Ingredients for - Chicken and Wild Rice Bake

1. Fast-cooking long grain and wild rice mix - 2 (6.1 ounce) boxes
2. Water - 1 ¾ cups
3. Butter, divided - 5 tablespoons
4. Sweet onion, chopped - 1 large
5. Cubed cooked chicken - 5 cups
6. Shredded Cheddar cheese, divided - 4 cups
7. Condensed cream of mushroom soup - 2 (10.75 ounce) cans
8. Sliced water chestnuts, drained - 2 (8 ounce) cans
9. Sour cream - 1 (16 ounce) container
10. Milk - 1 cup
11. Salt - ½ teaspoon
12. Ground black pepper - ½ teaspoon
13. Soft bread crumbs - ½ cup
14. Sliced toasted almonds - ¼ cup

How to cook deliciously - Chicken and Wild Rice Bake

1. Stage

Combine rice, contents of included seasoning packet, 1 3/4 cups water, and 1 tablespoon butter in a medium saucepan.

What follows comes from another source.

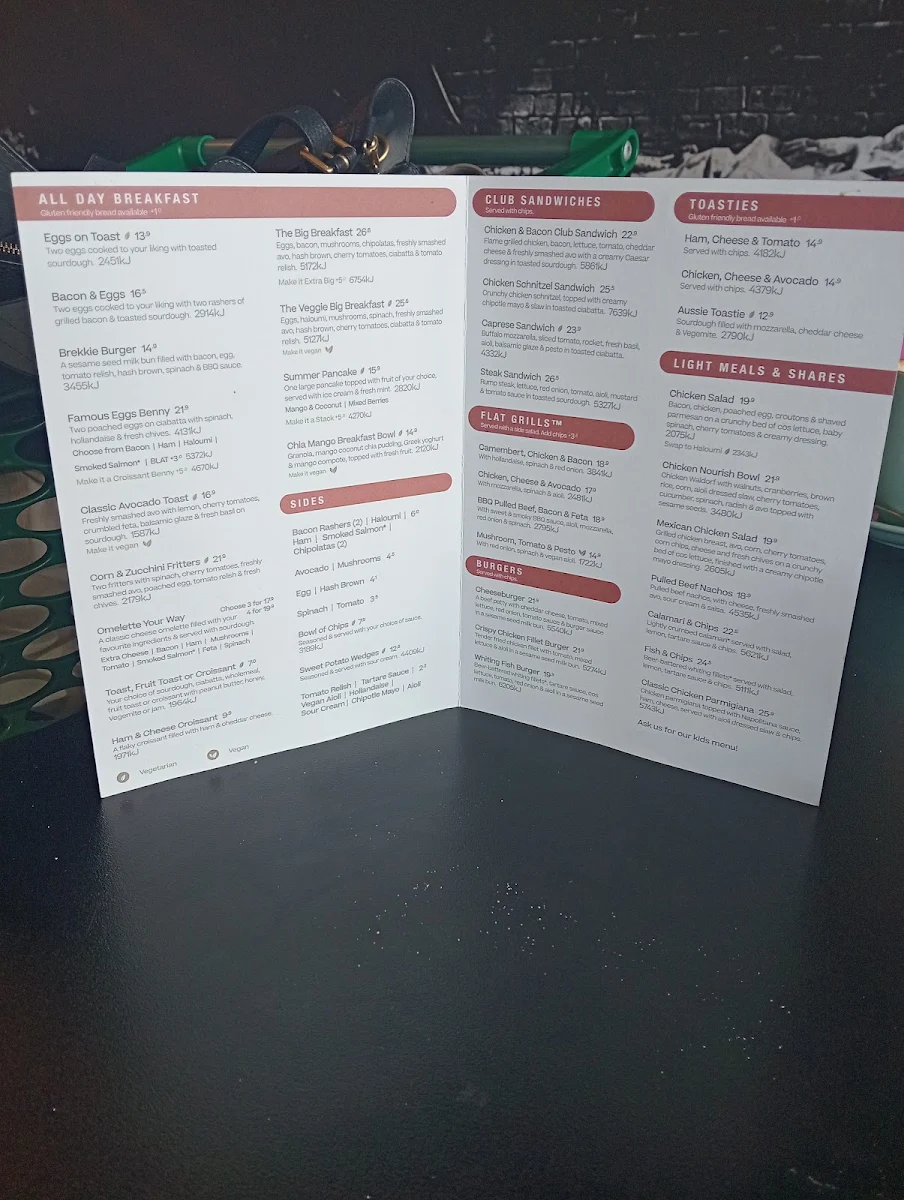 Menu, The Coffee Club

Stir well and bring to a boil. Reduce heat to medium or medium-low, and simmer, covered, for 5 minutes. Remove from heat and set aside until water is absorbed, about 5 minutes.

2. Stage

Preheat the oven to 350 degrees F (175 degrees C).

3. Stage

Melt remaining butter in a large skillet over medium-high heat. Add onion and saute until soft, about 5 minutes. Transfer to a large baking dish with cooked rice. Add chicken, 3 cups Cheddar cheese, condensed soup, water chestnuts, sour cream, milk, salt, and pepper and stir until well mixed. Top with bread crumbs.

4. Stage

Bake in the preheated oven for 35 to 40 minutes. Sprinkle with remaining Cheddar cheese and almonds and continue to bake until cheese has melted, about 5 minutes longer.